→ **AIM OF THE EXERCISE**:
Output range, inclusive: from the line containing "Textured Solid Shirt" to the line containing "Bonn-samtalen november 2001". Restate those lines from the data below word for word and only those.

→ **DATA SHOWN**:
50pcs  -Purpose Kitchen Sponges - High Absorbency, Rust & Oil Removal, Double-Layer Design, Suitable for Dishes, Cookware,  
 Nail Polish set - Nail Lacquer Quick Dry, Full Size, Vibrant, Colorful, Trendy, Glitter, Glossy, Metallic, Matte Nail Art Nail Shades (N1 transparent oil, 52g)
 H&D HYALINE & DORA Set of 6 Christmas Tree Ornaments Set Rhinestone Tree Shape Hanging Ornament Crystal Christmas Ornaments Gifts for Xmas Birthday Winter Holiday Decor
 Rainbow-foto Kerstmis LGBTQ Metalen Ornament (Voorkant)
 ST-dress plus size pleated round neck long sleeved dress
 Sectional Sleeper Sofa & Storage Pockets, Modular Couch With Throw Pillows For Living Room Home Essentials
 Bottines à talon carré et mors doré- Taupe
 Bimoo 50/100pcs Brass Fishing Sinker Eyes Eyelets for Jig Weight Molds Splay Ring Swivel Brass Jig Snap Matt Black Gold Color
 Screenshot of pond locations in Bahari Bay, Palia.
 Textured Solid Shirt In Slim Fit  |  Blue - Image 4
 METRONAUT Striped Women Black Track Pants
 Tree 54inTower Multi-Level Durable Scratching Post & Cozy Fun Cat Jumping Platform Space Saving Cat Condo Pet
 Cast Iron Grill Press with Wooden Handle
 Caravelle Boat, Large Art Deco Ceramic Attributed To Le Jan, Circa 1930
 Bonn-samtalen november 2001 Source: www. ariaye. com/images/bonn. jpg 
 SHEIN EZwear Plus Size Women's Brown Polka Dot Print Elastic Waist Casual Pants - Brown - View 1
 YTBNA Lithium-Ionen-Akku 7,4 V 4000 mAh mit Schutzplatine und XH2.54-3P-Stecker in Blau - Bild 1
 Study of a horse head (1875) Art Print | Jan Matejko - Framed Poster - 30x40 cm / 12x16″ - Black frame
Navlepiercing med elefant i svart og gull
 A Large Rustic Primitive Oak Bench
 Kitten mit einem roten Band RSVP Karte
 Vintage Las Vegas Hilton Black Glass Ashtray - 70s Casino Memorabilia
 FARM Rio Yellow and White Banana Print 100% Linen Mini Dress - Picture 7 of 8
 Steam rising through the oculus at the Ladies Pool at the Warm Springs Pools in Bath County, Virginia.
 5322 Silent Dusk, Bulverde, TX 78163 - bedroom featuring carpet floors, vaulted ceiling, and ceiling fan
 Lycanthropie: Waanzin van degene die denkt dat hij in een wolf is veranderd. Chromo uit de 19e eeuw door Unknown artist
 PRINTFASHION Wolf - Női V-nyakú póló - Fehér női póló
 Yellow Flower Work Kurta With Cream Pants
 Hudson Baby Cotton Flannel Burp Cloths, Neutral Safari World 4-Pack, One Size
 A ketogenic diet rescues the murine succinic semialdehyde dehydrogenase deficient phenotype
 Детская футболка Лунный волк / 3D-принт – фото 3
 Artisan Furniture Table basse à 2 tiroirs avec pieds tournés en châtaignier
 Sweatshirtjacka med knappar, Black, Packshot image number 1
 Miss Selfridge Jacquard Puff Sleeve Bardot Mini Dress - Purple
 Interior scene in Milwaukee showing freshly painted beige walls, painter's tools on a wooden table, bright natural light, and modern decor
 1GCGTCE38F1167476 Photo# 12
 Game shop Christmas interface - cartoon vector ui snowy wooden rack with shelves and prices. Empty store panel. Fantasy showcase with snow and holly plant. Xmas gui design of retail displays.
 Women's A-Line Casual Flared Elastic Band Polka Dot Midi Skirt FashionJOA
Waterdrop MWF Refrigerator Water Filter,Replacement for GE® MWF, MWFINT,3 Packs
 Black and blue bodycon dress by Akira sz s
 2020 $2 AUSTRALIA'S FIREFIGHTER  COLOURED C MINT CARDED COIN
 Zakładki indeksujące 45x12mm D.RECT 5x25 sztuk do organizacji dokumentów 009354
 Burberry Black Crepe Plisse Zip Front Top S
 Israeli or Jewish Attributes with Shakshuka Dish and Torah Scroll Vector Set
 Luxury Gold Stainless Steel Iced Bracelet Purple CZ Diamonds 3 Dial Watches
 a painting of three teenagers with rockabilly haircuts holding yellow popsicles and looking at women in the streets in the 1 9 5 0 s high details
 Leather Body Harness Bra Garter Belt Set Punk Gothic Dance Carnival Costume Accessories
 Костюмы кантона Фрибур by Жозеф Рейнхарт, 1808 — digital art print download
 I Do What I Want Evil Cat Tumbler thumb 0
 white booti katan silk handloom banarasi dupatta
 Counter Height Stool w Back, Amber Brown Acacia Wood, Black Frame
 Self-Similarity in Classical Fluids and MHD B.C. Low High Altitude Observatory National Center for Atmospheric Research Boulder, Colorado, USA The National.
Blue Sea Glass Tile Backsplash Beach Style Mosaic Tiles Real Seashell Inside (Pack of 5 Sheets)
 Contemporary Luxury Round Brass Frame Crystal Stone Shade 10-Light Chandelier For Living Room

→ **EXPECTED ANSWER**:
 Textured Solid Shirt In Slim Fit  |  Blue - Image 4
 METRONAUT Striped Women Black Track Pants
 Tree 54inTower Multi-Level Durable Scratching Post & Cozy Fun Cat Jumping Platform Space Saving Cat Condo Pet
 Cast Iron Grill Press with Wooden Handle
 Caravelle Boat, Large Art Deco Ceramic Attributed To Le Jan, Circa 1930
 Bonn-samtalen november 2001 Source: www. ariaye. com/images/bonn. jpg 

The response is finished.